• [Given records]
━━━━

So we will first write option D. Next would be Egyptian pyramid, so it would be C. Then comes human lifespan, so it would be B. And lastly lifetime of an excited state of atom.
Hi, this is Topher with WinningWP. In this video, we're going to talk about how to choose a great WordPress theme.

━━━━

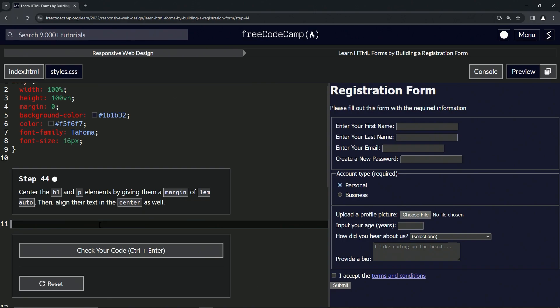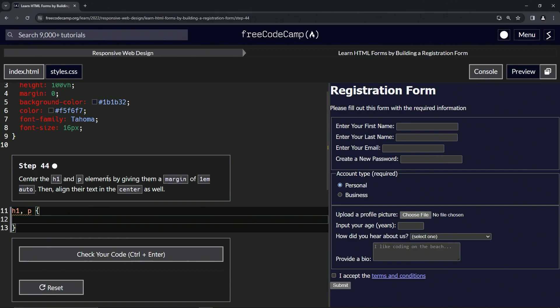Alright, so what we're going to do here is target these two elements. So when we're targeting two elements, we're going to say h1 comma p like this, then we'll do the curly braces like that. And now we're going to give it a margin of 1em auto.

━━━━

• [Task details]
Send back exactly the lines of the listing above starting at the one with "So we will first" and ending at the one with "Hi, this is", inclusive, and no others.

• [Result for this exercise]
So we will first write option D. Next would be Egyptian pyramid, so it would be C. Then comes human lifespan, so it would be B. And lastly lifetime of an excited state of atom.
Hi, this is Topher with WinningWP. In this video, we're going to talk about how to choose a great WordPress theme.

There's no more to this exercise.